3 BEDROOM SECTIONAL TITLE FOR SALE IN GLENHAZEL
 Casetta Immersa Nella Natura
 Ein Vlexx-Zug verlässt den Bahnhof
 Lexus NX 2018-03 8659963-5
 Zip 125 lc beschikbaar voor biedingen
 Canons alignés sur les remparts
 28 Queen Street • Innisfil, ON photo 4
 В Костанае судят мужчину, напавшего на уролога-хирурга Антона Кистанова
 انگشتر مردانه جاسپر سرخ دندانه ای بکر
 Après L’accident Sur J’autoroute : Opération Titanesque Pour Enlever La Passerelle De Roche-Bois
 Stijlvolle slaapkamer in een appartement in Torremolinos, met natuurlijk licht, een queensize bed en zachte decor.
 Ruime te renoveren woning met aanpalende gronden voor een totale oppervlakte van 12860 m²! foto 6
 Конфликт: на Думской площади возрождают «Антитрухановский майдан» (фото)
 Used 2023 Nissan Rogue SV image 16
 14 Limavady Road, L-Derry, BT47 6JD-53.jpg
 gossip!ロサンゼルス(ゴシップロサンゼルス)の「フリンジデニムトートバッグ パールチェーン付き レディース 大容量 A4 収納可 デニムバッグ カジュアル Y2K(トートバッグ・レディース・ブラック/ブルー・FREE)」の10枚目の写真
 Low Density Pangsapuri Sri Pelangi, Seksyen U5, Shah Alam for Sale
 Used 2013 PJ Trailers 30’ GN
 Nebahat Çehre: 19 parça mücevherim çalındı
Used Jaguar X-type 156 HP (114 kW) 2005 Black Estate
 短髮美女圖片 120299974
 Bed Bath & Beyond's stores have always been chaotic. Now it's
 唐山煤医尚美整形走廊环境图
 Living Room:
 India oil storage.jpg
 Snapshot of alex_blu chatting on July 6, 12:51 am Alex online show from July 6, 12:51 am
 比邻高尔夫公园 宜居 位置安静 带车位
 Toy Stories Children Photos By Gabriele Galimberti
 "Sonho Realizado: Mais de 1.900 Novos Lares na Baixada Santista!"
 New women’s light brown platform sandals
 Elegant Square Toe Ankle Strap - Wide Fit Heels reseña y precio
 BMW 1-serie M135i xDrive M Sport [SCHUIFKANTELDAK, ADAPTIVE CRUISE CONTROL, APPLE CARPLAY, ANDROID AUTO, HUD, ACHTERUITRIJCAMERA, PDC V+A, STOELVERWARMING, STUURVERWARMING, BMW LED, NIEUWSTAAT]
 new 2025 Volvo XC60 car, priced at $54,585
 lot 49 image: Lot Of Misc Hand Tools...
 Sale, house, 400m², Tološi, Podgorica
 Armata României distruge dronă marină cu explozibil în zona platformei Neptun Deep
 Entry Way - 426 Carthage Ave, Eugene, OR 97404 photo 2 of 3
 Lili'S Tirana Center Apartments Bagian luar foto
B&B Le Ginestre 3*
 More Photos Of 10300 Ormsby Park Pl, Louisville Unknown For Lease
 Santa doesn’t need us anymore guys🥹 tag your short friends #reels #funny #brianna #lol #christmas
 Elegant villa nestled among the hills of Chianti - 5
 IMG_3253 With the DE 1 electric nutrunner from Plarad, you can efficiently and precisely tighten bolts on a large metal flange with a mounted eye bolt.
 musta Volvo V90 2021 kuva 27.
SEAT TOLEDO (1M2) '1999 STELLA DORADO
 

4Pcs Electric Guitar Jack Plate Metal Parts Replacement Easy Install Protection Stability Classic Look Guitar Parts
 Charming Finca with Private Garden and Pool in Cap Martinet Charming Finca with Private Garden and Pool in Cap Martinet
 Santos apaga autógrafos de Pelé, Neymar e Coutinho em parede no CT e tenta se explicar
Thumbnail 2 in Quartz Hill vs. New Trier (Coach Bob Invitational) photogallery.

==================================================

Activity.
Exact lines only, please: output the listing from the first line to the line with "India oil storage.jpg", both included.

Solution for this problem.
3 BEDROOM SECTIONAL TITLE FOR SALE IN GLENHAZEL
 Casetta Immersa Nella Natura
 Ein Vlexx-Zug verlässt den Bahnhof
 Lexus NX 2018-03 8659963-5
 Zip 125 lc beschikbaar voor biedingen
 Canons alignés sur les remparts
 28 Queen Street • Innisfil, ON photo 4
 В Костанае судят мужчину, напавшего на уролога-хирурга Антона Кистанова
 انگشتر مردانه جاسپر سرخ دندانه ای بکر
 Après L’accident Sur J’autoroute : Opération Titanesque Pour Enlever La Passerelle De Roche-Bois
 Stijlvolle slaapkamer in een appartement in Torremolinos, met natuurlijk licht, een queensize bed en zachte decor.
 Ruime te renoveren woning met aanpalende gronden voor een totale oppervlakte van 12860 m²! foto 6
 Конфликт: на Думской площади возрождают «Антитрухановский майдан» (фото)
 Used 2023 Nissan Rogue SV image 16
 14 Limavady Road, L-Derry, BT47 6JD-53.jpg
 gossip!ロサンゼルス(ゴシップロサンゼルス)の「フリンジデニムトートバッグ パールチェーン付き レディース 大容量 A4 収納可 デニムバッグ カジュアル Y2K(トートバッグ・レディース・ブラック/ブルー・FREE)」の10枚目の写真
 Low Density Pangsapuri Sri Pelangi, Seksyen U5, Shah Alam for Sale
 Used 2013 PJ Trailers 30’ GN
 Nebahat Çehre: 19 parça mücevherim çalındı
Used Jaguar X-type 156 HP (114 kW) 2005 Black Estate
 短髮美女圖片 120299974
 Bed Bath & Beyond's stores have always been chaotic. Now it's
 唐山煤医尚美整形走廊环境图
 Living Room:
 India oil storage.jpg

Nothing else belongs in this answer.